Even 50-Cent Hike Could Cost Over $150K, Owner Says
By Rick Green
March 20, 2012
If it's our government policy to help teenagers and college kids earn more on summer vacation and at after-school jobs, then raising the minimum wage to $9.25 per hour might be a good idea.
Half of all minimum wage earners, according to federal statistics, are 25 or under, so this would directly benefit young people.
Of course, that's if there are jobs available for them.

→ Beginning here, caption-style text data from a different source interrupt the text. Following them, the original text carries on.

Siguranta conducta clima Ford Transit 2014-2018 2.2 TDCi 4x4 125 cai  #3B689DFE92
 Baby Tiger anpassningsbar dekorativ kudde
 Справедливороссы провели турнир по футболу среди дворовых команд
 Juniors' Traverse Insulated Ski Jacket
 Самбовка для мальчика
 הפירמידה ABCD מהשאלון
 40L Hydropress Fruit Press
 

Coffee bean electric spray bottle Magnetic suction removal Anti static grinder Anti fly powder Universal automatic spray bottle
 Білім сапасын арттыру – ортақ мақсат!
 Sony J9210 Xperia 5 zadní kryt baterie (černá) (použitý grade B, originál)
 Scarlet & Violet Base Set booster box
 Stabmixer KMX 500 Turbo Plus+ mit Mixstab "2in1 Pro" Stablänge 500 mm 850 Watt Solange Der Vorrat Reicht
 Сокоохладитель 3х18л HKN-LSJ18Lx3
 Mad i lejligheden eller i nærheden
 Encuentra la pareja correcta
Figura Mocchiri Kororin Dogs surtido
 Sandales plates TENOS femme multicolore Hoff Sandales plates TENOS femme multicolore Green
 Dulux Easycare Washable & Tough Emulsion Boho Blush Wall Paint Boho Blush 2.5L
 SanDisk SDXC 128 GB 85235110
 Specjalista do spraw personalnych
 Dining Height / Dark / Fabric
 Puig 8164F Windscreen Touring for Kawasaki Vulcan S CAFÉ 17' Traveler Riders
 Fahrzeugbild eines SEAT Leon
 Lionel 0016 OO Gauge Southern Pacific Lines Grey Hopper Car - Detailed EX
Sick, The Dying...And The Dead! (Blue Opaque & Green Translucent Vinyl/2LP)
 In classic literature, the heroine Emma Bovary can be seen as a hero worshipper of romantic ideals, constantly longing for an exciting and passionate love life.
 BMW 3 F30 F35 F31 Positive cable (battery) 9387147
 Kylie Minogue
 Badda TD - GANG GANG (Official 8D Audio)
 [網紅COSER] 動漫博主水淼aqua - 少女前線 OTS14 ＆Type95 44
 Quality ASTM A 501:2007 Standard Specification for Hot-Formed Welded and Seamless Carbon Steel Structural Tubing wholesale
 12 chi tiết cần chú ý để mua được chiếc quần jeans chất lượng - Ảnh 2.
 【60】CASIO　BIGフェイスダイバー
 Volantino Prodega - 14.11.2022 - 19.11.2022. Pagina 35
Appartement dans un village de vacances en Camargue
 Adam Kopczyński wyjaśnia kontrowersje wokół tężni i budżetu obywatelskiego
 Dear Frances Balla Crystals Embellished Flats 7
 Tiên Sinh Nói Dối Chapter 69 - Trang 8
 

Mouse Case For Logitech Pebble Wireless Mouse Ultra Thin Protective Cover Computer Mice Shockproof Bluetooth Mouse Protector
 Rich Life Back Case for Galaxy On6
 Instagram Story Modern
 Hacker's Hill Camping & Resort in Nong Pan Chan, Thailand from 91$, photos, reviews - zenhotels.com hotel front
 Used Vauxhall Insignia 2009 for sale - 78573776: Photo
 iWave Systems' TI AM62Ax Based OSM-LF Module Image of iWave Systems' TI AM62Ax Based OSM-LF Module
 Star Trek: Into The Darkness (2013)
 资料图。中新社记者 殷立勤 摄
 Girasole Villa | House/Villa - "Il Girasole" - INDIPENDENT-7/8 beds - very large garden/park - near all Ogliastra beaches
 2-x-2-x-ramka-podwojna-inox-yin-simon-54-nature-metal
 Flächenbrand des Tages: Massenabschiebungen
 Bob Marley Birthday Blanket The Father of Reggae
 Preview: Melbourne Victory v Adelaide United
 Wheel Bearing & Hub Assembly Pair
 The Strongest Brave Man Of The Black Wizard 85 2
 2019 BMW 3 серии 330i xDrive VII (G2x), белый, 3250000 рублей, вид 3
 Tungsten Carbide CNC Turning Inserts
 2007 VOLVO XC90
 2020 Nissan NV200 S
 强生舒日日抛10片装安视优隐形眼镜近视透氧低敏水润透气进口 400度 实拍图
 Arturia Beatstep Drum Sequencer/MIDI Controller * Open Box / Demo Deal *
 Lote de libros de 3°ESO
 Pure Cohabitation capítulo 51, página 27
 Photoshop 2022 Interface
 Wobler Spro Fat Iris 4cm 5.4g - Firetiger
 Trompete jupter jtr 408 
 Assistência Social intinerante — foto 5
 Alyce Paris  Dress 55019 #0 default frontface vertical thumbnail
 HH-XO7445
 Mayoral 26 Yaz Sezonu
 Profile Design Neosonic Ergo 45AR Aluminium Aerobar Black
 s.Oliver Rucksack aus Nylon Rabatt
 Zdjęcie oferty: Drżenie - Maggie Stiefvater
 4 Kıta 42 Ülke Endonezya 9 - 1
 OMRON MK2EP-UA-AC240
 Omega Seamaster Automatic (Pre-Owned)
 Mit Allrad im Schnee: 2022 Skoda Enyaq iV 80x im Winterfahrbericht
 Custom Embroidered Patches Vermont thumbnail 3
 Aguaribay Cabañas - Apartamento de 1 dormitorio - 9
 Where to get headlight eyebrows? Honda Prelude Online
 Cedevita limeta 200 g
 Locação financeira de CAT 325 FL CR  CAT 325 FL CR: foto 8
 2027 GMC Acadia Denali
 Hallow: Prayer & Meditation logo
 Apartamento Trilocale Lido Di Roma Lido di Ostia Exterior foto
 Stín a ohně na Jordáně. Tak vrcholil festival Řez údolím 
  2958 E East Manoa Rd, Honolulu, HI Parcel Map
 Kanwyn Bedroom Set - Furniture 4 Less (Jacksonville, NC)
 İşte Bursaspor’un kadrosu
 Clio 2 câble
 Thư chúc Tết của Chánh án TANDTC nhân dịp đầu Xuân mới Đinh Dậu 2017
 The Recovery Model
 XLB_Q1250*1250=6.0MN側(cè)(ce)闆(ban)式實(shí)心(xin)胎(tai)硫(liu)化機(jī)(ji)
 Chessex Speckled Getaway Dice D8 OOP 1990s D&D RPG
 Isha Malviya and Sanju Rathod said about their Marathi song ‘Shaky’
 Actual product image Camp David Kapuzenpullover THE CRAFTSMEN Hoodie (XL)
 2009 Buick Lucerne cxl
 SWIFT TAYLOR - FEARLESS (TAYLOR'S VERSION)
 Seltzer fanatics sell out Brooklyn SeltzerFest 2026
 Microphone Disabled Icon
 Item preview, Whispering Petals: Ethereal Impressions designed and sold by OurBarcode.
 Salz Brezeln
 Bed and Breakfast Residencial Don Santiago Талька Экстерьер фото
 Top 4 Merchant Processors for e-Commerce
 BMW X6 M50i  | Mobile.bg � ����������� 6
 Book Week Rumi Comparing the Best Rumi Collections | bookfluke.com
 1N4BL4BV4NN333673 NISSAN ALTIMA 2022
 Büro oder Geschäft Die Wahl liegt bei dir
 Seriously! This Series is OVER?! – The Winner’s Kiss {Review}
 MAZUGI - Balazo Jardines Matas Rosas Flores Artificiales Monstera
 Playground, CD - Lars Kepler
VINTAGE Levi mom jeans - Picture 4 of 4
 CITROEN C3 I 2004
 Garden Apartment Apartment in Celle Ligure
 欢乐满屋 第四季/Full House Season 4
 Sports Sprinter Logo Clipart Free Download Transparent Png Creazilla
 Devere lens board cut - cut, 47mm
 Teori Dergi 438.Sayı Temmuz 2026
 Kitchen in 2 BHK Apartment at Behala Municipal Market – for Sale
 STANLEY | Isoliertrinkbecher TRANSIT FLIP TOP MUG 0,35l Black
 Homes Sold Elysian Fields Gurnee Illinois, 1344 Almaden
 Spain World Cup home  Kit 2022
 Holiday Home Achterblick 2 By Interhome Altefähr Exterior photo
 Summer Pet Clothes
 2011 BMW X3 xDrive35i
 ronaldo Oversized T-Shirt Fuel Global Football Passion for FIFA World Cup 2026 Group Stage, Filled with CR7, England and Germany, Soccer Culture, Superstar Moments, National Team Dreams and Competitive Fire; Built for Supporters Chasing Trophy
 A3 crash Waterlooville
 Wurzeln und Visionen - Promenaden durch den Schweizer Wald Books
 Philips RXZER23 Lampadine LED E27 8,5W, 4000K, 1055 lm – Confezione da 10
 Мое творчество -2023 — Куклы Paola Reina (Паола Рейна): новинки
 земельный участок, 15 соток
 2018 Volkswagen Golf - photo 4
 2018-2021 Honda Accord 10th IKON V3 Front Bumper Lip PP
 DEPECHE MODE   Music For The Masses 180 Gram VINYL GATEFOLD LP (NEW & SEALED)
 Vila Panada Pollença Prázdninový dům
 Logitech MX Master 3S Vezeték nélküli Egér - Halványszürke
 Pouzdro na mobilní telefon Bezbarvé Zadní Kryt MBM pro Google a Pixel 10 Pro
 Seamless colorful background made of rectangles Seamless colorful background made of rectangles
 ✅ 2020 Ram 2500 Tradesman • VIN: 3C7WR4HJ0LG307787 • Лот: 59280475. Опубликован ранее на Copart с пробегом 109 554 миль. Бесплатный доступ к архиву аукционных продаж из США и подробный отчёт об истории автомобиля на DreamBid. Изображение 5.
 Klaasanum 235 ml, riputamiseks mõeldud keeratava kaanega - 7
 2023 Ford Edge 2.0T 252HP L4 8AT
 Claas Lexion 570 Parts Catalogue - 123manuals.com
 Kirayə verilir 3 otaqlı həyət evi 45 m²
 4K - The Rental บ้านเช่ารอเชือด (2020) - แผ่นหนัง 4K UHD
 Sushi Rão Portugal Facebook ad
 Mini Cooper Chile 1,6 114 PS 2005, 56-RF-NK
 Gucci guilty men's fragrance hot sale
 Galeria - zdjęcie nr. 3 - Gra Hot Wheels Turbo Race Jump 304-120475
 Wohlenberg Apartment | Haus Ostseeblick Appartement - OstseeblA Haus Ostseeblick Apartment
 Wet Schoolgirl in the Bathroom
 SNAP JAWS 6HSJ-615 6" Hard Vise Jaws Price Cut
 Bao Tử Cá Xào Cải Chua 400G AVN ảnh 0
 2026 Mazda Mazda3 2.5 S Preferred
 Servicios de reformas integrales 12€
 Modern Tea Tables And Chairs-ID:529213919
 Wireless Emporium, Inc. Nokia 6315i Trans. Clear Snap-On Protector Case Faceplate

Because while it might be fashionable to say raising the minimum wage helps the working folks, it also hammers the just-barely-making-it businesses that hire them. That's a strange message for Connecticut to be sending, just as the state is showing signs of emerging from a long economic nap and looking for small businesses to fuel a recovery.
"It would hurt us bad. I'm competing against New York and Massachusetts, where the minimum wage is a lot less,'' said George Frantzis, whose family has owned the 104-year-old Quassy Amusement Park in Middlebury for 80 years.
Quassy is to amusement parks what your neighborhood hardware store is to Walmart or Home Depot: small, quirky and locally owned. Located on Lake Quassapaug, It's affordable and retro, the kind of place that's not really so different from when my mother went there as a kid in the 1930s. It's precisely the sort of Connecticut institution legislators should be worried about preserving — instead of driving closer to the brink with a new law that scores points for politicians but does little to help the state.
The General Assembly is considering a plan to raise the minimum wage 50 cents in 2013 and another 50 cents a year later, boosting the hourly mandate to $9.25 by 2014. Future growth after that would automatically be tied to increases in the consumer price index.
Connecticut already has the fourth-highest minimum wage in the country, at $8.25 per hour. Significantly, this is higher than all three of our neighboring states.
Frantzis said each 50-cent increase in the minimum wage, which he pays to many of his more than 300 seasonal employees, would cost Quassy at least $150,000. For him, higher wages also mean fewer employees.
"Those are egregious amounts," Frantzis said. "This is something that you can't keep on passing on to the consumer. We are all vying for the discretionary dollar."
What would they do in 2013, if this bill passed and Gov. Dannel P. Malloy signs it into law? At Quassy, Frantzis told me, they could cut back on recently approved plans to expand a water park. There would be fewer raises for returning employees.
According to federal statistics, Connecticut has among the lowest percentages of low-wage workers of any state. But boosting the minimum wage would once again let the world know that state leaders really aren't too concerned about its reputation as a costly state to run a business. Last year, we became the first state to mandate paid sick leave.
"There are only so many times you can say Connecticut is open for business,'' said Malloy strategist Roy Occhiogrosso, whose boss is faced with the challenge of convincing companies to move here. The governor "is not sure that raising the minimum wage is the right way to go. He is definitely concerned that increasing the minimum wage would send the wrong message."
Wrong message it is. We already have a higher minimum wage than nearly any other state, sending an important message that we're not Alabama, Mississippi, Louisiana, South Carolina or Tennessee — states that don't even bother with a minimum wage law. Significantly, we also have an earned income tax credit, a good idea that actually helps working families.
"Ninety percent of my kids aren't supporting a family. This is a summer job to earn a little more money before going back to school,'' Frantzis says. Government "doesn't really have a sense of what drives an economy and business. They are not thinking of the small businessman who truly drives the economy."
At Quassy this year, admission will be $23.50 per person. That's far less than what you'd pay at Six Flags New England or even Lake Compounce, but this is a small park, albeit with a big roller coaster.
"We have grown and lasted 104 years being the park that is affordable,'' Frantzis said. "We understand the young family and their needs. We try to keep that mentality."
The General Assembly and Gov. Malloy ought to do the same.
Reprinted with permission of the Hartford Courant.